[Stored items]

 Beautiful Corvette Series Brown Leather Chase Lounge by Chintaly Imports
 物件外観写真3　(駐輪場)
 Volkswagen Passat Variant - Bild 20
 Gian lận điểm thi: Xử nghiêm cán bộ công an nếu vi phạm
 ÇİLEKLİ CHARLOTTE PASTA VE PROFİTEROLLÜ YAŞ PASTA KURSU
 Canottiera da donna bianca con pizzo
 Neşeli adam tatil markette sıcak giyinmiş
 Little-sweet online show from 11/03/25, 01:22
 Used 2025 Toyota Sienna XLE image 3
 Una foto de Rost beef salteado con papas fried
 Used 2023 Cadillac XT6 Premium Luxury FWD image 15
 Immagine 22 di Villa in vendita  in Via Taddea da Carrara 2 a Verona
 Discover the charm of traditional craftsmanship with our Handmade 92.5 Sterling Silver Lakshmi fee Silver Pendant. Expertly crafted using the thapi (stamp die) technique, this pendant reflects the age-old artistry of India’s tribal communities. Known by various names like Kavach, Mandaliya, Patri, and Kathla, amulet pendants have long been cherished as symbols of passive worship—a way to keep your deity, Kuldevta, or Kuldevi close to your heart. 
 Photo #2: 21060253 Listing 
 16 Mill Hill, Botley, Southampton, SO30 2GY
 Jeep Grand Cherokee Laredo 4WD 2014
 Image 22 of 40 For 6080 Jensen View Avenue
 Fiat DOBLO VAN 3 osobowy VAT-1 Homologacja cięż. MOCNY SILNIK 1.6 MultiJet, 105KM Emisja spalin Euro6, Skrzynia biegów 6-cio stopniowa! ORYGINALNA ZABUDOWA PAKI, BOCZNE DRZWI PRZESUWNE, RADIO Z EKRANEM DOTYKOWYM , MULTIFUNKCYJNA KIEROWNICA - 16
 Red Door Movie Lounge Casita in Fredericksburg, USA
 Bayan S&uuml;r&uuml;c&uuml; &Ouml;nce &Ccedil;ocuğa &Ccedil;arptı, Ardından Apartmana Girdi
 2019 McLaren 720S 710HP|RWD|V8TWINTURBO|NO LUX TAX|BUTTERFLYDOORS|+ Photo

Assignment: The lines to reproduce run from the one that contains "Photo #2: 21060253 Listing" through the last line above; copy them exactly.

Task output:
 Photo #2: 21060253 Listing 
 16 Mill Hill, Botley, Southampton, SO30 2GY
 Jeep Grand Cherokee Laredo 4WD 2014
 Image 22 of 40 For 6080 Jensen View Avenue
 Fiat DOBLO VAN 3 osobowy VAT-1 Homologacja cięż. MOCNY SILNIK 1.6 MultiJet, 105KM Emisja spalin Euro6, Skrzynia biegów 6-cio stopniowa! ORYGINALNA ZABUDOWA PAKI, BOCZNE DRZWI PRZESUWNE, RADIO Z EKRANEM DOTYKOWYM , MULTIFUNKCYJNA KIEROWNICA - 16
 Red Door Movie Lounge Casita in Fredericksburg, USA
 Bayan S&uuml;r&uuml;c&uuml; &Ouml;nce &Ccedil;ocuğa &Ccedil;arptı, Ardından Apartmana Girdi
 2019 McLaren 720S 710HP|RWD|V8TWINTURBO|NO LUX TAX|BUTTERFLYDOORS|+ Photo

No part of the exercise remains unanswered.